村尾教授:基本的には、課題ごとに一人の学生を担当者として指名しています。これは、プロジェクトの担当者として、初めから終わりまでの過程に責任をもつ経験と学びを得てもらうことを目的としています。もちろん担当者ひとりでプロジェクトを進めるわけではなく、周囲の学生が担当者をサポートするかたちですね。
–今回インタビューに参加している久さんと徳永さんは研究会の主将と副主将とのことですが、どのように活動に関わっていらっしゃるのでしょうか?
徳永さん:久さんと私は、主に研究会の活動全体を監督しています。私自身は金山の取り組みに関心を持っているため、その分野に少し重点を置いて活動していますね。
村尾教授:主将と副主将には、研究会全体を見る役割をお願いしています。徳永くんは金山に関する卒業論文に取り組んでいるため、金山に関連するプロジェクトに深く関わっていますね。

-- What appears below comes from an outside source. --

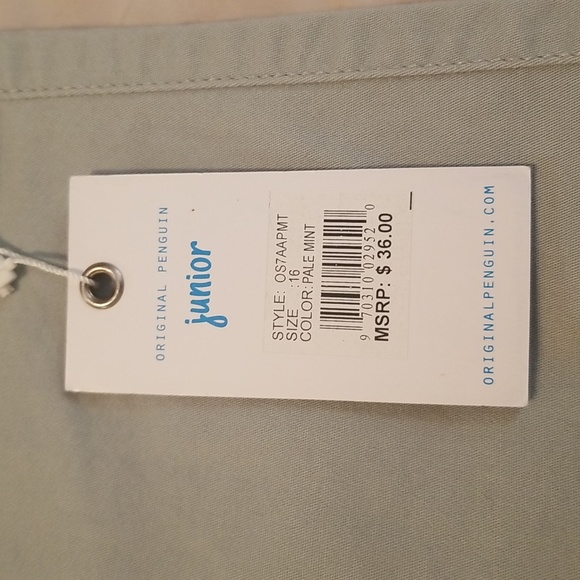 Boys size 16 short NWT by Original Penguin Junior - Picture 3 of 5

一方、久くんは地域振興に興味を持っており、自分たちの住む町をより良くして地域に誇りを持つこと、つまり「シビックプライド」に関連した研究を進めています。彼は、まだ周囲が気がついていない地域の価値に注目しているため、今後は地域振興の分野に進んでいくのではないかと思っています。
高峯さんは放置自転車の活動や金山の活動を初め、第一幼児教育短期大学にあるSDGsサークルとの協力などさまざまな活動に参加しています。
印象に残っているSDGs研究会の活動


– SDGs研究会での活動を進める中で、特に印象に残っている活動は何ですか?
村尾教授:私にとって特に印象深い活動は、保護猫の活動です。このテーマは学生たちにとっても重要だと思っていますし、関わる人々の情熱が強く感じられます。市議会議員の方々もこの活動に関わっており、大きなうねりを生む可能性も感じています。保護猫の活動は、今後の主要な活動の一つになりそうな予感を持っていますね。
徳永さん:私はやはり、金山の活動が最も印象に残っています。私の地元には高齢者の方が大勢住んでいたからか、鹿児島の方言を理解し、高齢者の方々と交流することが得意で、楽しみながら取り組むことができています。金山の昔話を聞き取り、それをなるべく生きた言葉で標準語に翻訳したことは、私にとって特に思い出深い経験です。
久さん:私にとって印象的だったのは、霧島市議会との交流会です。この会では市内の交通がテーマとなり、私たちは学生の立場から、バスの運行や遅延に関する問題を提起しました。その結果、スマートフォンでバスの運行状況を確認できるシステムが整備されたのです。学生の意見が実際に反映されたことは、非常に印象深い経験でした。
高峯さん:私が印象に残っている活動は国分駅と隼人駅付近の放置自転車対策のために市役所へ訪問し、実際に放置されている学生が置いていったと思われる自転車を見に行ったことです。実際の現場を自身の目で見ることで地域の課題についての理解をより一層深めることができました。
活動を通じて生まれた、SDGs研究会および学生の変化

–村尾教授から見ていて、SDGs研究会に参加する学生さんたちに変化はありますか?
村尾教授:はい、学生たちには確かに変化が見られます。研究会では外部の人々との接触が非常に多いため、学生たちはさまざまなスキルを習得しています。時間厳守や約束の遵守、忘れ物をしないことなど、当たり前ではありますが、このような基礎的で重要なスキルが身についてきたことは確かです。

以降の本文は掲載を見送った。